::: Dataset

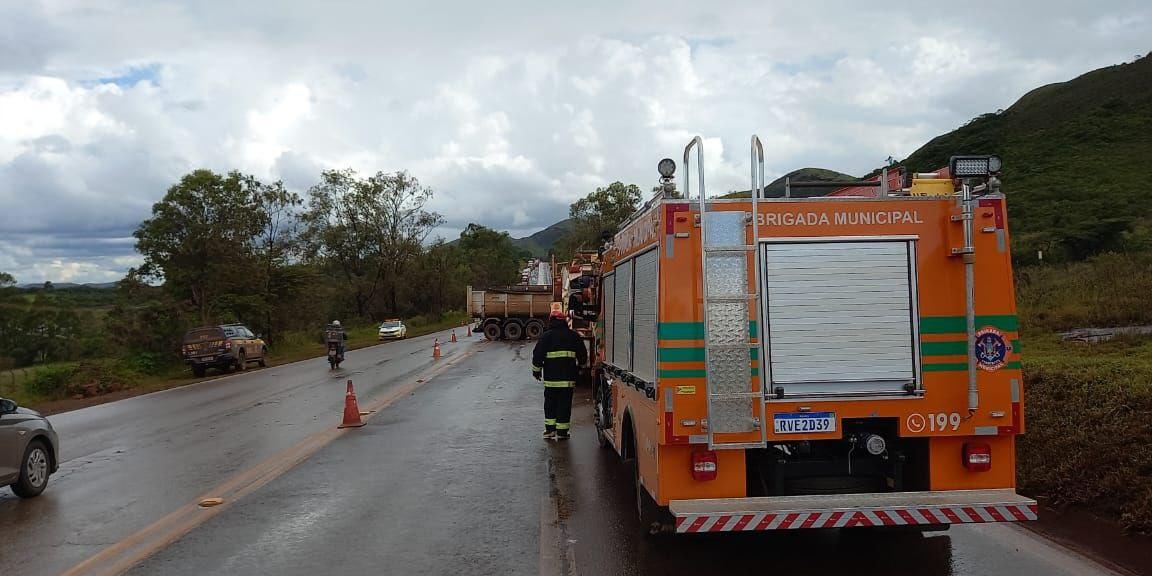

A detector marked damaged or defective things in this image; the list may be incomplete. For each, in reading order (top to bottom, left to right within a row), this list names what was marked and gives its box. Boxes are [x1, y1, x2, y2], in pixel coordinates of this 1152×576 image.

overturned dump truck [470, 282, 555, 336]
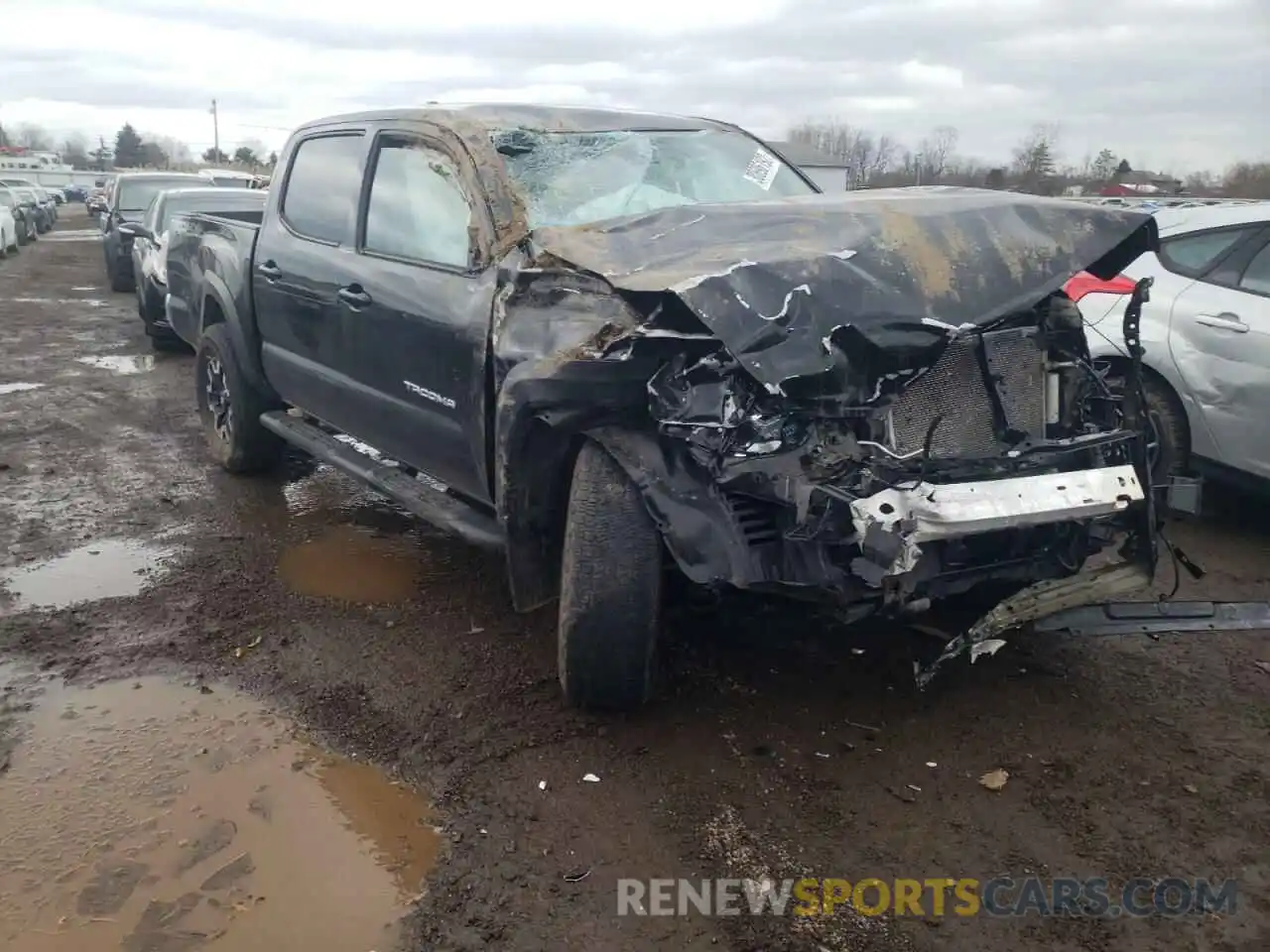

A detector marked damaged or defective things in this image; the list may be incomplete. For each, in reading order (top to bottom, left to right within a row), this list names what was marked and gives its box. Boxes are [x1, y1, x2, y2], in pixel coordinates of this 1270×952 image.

shattered windshield [496, 126, 814, 227]
crumpled hood [532, 187, 1159, 397]
torn metal [492, 184, 1175, 678]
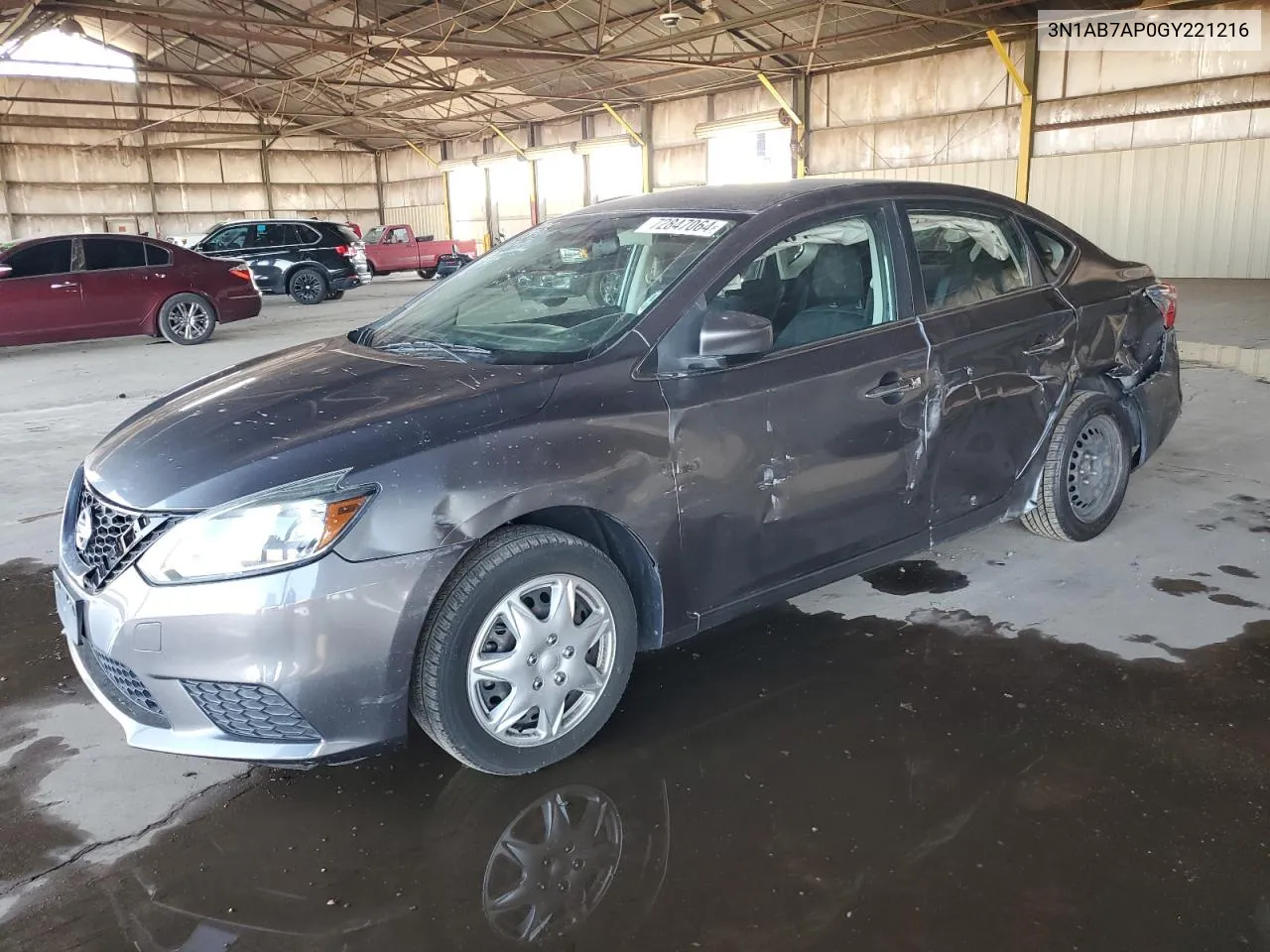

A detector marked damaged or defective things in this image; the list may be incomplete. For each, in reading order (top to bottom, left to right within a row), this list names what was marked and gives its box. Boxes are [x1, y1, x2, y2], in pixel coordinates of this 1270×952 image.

collision damage [52, 178, 1183, 774]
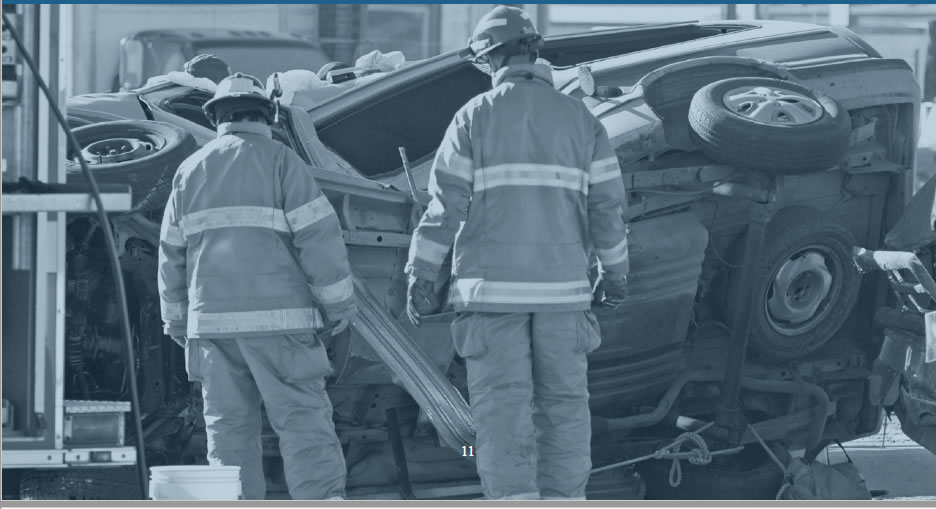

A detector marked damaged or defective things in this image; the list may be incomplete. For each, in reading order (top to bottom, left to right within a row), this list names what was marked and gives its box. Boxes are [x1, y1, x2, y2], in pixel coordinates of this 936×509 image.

crumpled sheet metal [350, 272, 476, 450]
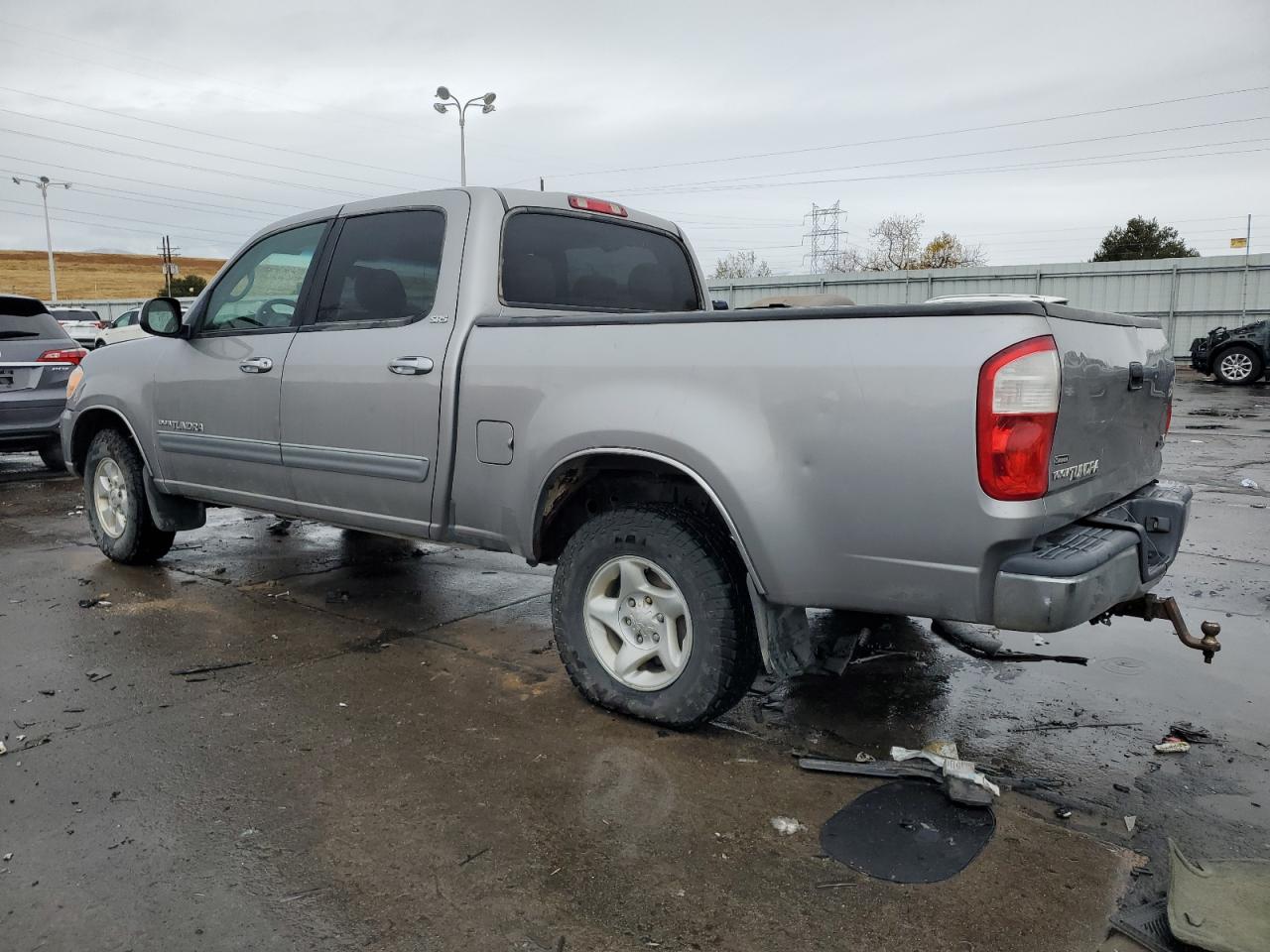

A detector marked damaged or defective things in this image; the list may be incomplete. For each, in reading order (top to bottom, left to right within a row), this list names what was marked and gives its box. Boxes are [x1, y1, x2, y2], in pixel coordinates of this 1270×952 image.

damaged bumper [996, 480, 1199, 635]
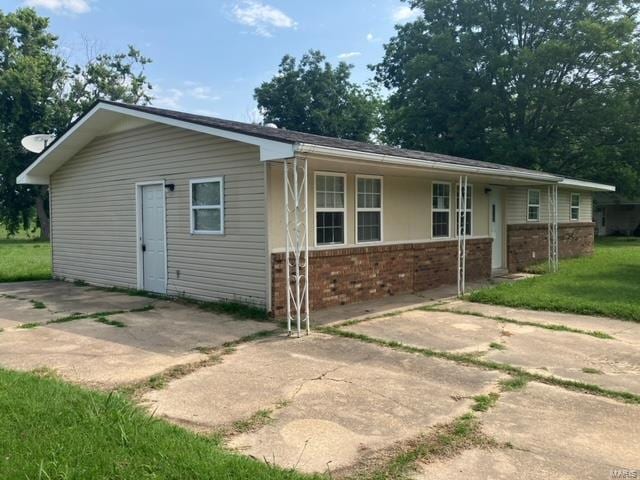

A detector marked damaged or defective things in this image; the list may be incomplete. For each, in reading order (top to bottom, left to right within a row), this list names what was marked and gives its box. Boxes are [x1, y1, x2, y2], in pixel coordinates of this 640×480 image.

cracked concrete [146, 334, 504, 472]
cracked concrete [416, 382, 640, 480]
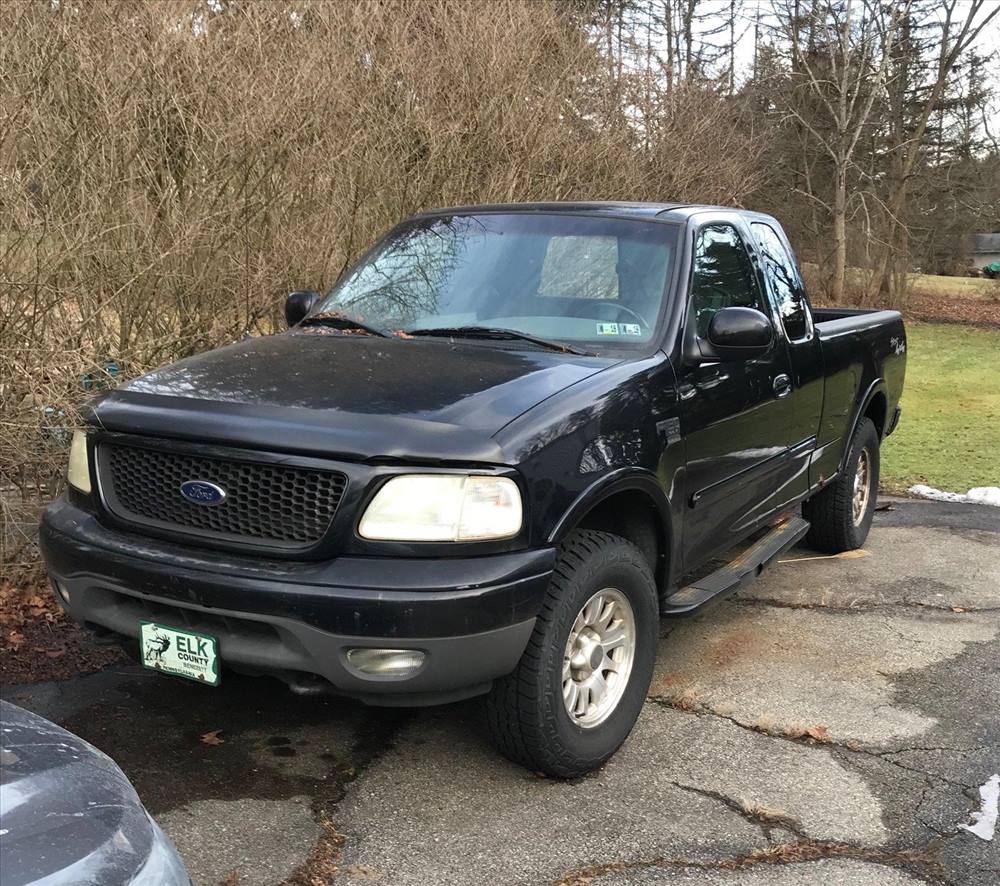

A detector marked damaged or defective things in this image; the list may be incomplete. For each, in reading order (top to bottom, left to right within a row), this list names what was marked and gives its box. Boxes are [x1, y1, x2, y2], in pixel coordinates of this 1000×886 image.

cracked pavement [3, 500, 996, 886]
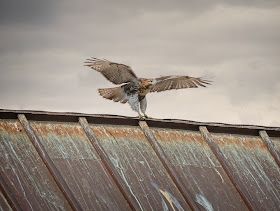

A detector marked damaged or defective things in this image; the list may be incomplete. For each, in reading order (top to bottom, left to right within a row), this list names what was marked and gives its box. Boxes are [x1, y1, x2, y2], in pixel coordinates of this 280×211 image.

rusty metal roof [0, 109, 280, 210]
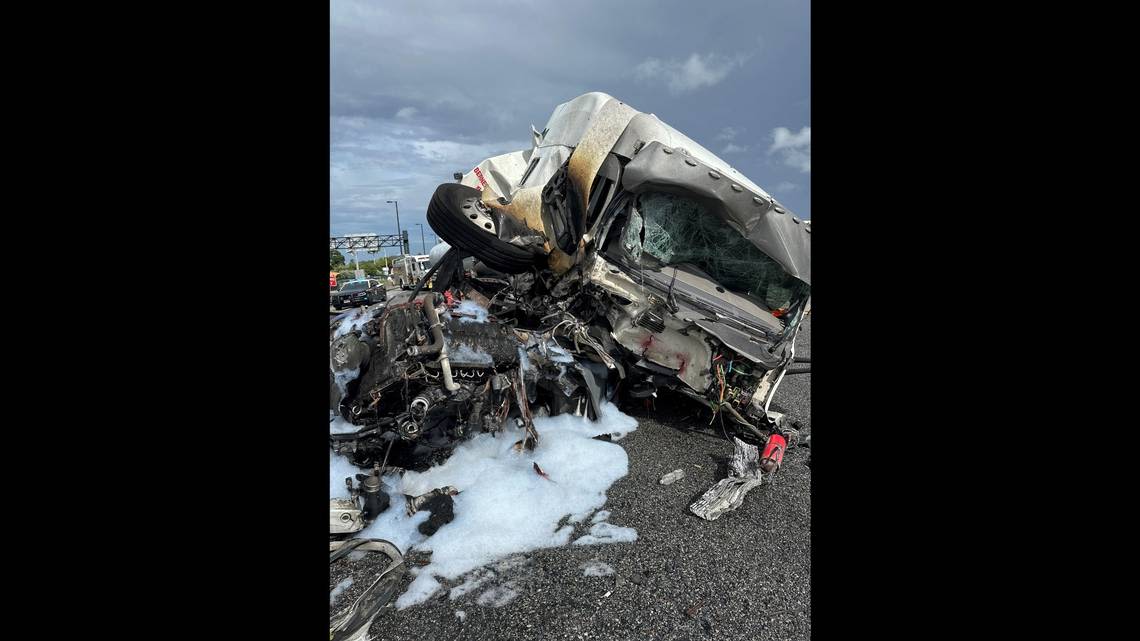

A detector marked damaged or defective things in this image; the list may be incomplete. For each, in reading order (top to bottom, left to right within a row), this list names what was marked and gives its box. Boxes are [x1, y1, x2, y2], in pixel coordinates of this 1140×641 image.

detached tire [426, 181, 536, 274]
burnt metal debris [328, 90, 808, 616]
destroyed truck cab [434, 92, 808, 432]
shattered windshield [620, 194, 808, 314]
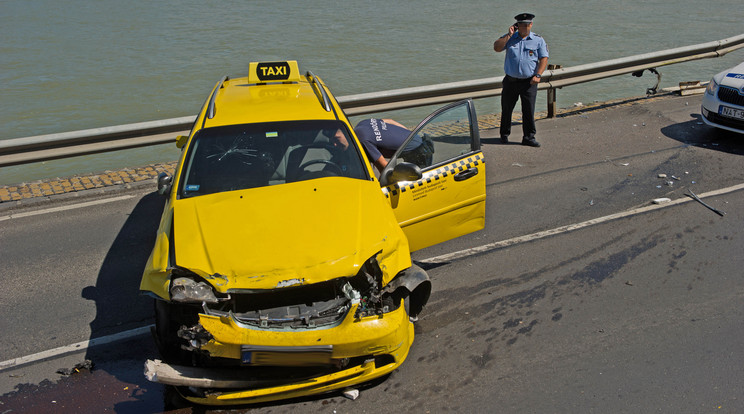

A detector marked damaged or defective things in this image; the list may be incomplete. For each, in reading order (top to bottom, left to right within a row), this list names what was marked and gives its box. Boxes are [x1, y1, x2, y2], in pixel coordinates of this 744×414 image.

crumpled hood [172, 178, 410, 292]
damaged yellow car [142, 61, 486, 404]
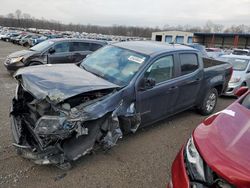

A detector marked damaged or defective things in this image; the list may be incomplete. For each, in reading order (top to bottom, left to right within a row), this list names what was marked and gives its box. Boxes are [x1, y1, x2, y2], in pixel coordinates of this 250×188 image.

broken headlight [34, 116, 73, 135]
crumpled hood [15, 64, 119, 103]
damaged blue pickup truck [9, 40, 232, 167]
broken headlight [184, 137, 205, 182]
crumpled hood [194, 101, 250, 187]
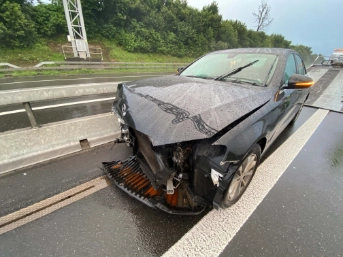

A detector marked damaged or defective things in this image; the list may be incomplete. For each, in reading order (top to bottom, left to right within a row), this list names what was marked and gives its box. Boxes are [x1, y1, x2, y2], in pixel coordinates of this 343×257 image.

crumpled hood [114, 75, 276, 145]
damaged black car [103, 48, 314, 214]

::::::

Leave the images out as you retype each line of the material exactly.

A detector marked damaged or defective things in this image; the list may be incomplete. For each, in reading order (top to bottom, left to right within a row), this list names what was marked and gives its box. Boxes are [x1, y1, x2, y2], in pixel coordinates of this 1152×576 image.

overturned dump truck [470, 282, 555, 336]

A detector marked damaged or defective things in this image; the list may be incomplete. For each, in reading order (top to bottom, left to right within a row), this list names what was marked and gives its box. Boxes are [x1, y1, x2, y2], in pixel coordinates of this 1270×952 image.

shattered windshield [496, 126, 814, 227]
crumpled hood [532, 187, 1159, 397]
torn metal [492, 184, 1175, 678]

A detector marked damaged or defective things in this image; the list may be incomplete. For each, in reading order (top to bottom, left to right within a row), this list names what was marked and gives its box. Boxes are [x1, y1, x2, y2], in pixel coordinates of this 1270×952 image.

collision damage [52, 178, 1183, 774]

A detector marked damaged or defective things in this image; the list may be incomplete. For each, in reading order (top to bottom, left to right within a row), this list names what was marked and gives its box. Boxes are [x1, y1, x2, y2], in pixel coordinates of this 936×509 image.

crumpled sheet metal [350, 272, 476, 450]

A detector marked damaged or defective things in this image; the list may be incomplete. For each, in reading order (top to bottom, left to right within a row), this list names what was marked and gives its box. Boxes are [x1, y1, x2, y2], in pixel coordinates of this 1270×952 image.

damaged bumper [996, 480, 1199, 635]

A detector marked damaged or defective things in this image; the list may be incomplete. For each, in reading order (top to bottom, left to right within a row), this list names what was marked and gives its box. Boxes are [x1, y1, x2, y2], in pixel coordinates of this 640×480 image.

cracked concrete [146, 334, 504, 472]
cracked concrete [416, 382, 640, 480]

A detector marked damaged or defective things in this image; the list may be incomplete. For each, in reading order (top to bottom, left to right within a row), this list names what was marked and gives its box. Boxes are [x1, y1, x2, y2], in pixel coordinates of this 1000×886 image.

cracked pavement [3, 500, 996, 886]

A detector marked damaged or defective things in this image; the list may be incomplete. For each, in reading order (top to bottom, left to right within a row), this list names what was marked and gives its box. Boxes are [x1, y1, x2, y2], in pixel coordinates of this 280×211 image.

rusty metal roof [0, 109, 280, 210]

A detector marked damaged or defective things in this image; the list may be incomplete. For each, in reading order (top to bottom, left to right within a row), this list names what was marked and gives its box. Boxes are [x1, y1, x2, y2], in pixel coordinates of this 1140×641 image.

detached tire [426, 181, 536, 274]
burnt metal debris [328, 90, 808, 616]
destroyed truck cab [434, 92, 808, 432]
shattered windshield [620, 194, 808, 314]

A detector marked damaged or defective things in this image; the list may be incomplete. For each, in reading order (top to bottom, left to right within a row), this list names what was marked and gives its box. Boxes are [x1, y1, x2, y2], in pixel coordinates of this 744×414 image.

crumpled hood [172, 178, 410, 292]
damaged yellow car [142, 61, 486, 404]

A detector marked damaged or defective things in this image; the list may be incomplete. For each, in reading order (top to bottom, left to right within a row), this list names what was marked and gives its box. Boxes are [x1, y1, x2, y2], in pixel coordinates of this 250×188 image.

broken headlight [34, 116, 73, 135]
crumpled hood [15, 64, 119, 103]
damaged blue pickup truck [9, 40, 232, 167]
broken headlight [184, 137, 205, 182]
crumpled hood [194, 101, 250, 187]

A detector marked damaged or defective things in this image; the list may be incomplete. For each, in reading order (top to bottom, left to right within a row), this list names what was marked and gives its box. Boxes are [x1, y1, x2, y2], in pixel coordinates of this 343×257 image.

crumpled hood [114, 75, 276, 145]
damaged black car [103, 48, 314, 214]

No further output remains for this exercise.